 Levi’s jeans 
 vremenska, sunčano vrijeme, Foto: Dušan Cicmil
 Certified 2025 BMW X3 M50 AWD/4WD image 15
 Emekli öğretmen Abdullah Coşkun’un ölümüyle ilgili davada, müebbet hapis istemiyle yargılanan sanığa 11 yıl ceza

###

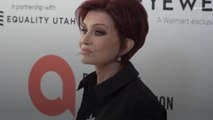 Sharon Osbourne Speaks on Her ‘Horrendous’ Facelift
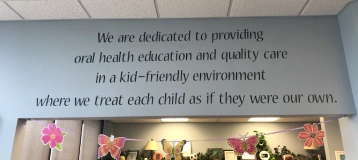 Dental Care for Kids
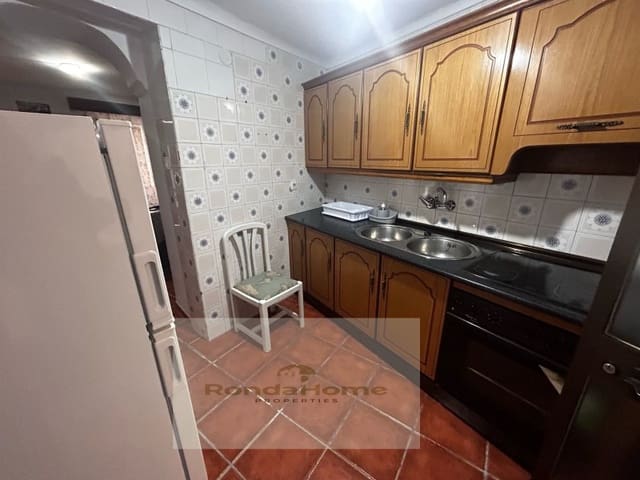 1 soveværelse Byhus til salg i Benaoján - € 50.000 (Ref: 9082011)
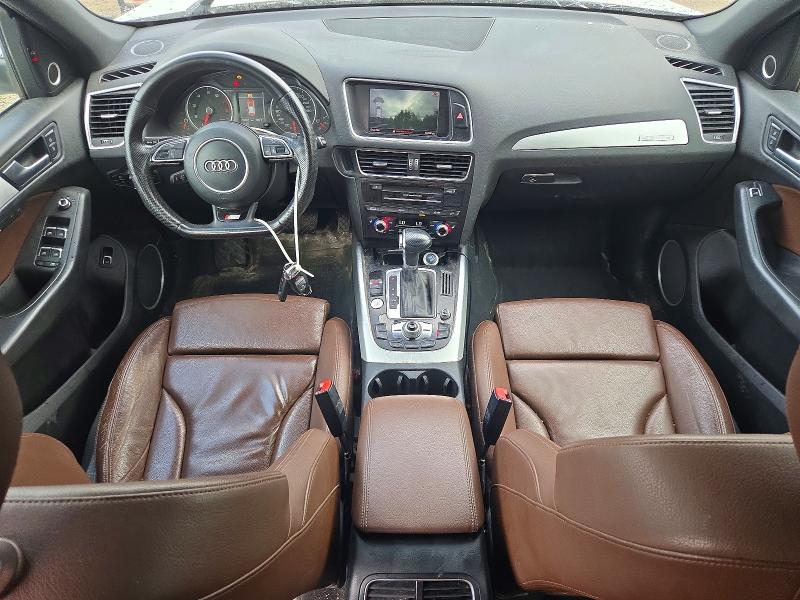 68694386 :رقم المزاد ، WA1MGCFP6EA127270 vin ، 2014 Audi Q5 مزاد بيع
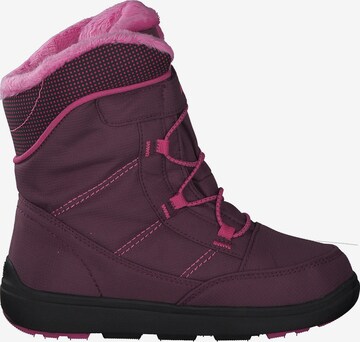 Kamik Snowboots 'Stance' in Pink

###

--- Instructions to follow ---
The answer is the lines above between the line holding "Levi’s jeans" and the line holding "Emekli öğretmen Abdullah", inclusive, each written out exactly, and no others.

--- Result of this exercise ---
 Levi’s jeans 
 vremenska, sunčano vrijeme, Foto: Dušan Cicmil
 Certified 2025 BMW X3 M50 AWD/4WD image 15
 Emekli öğretmen Abdullah Coşkun’un ölümüyle ilgili davada, müebbet hapis istemiyle yargılanan sanığa 11 yıl ceza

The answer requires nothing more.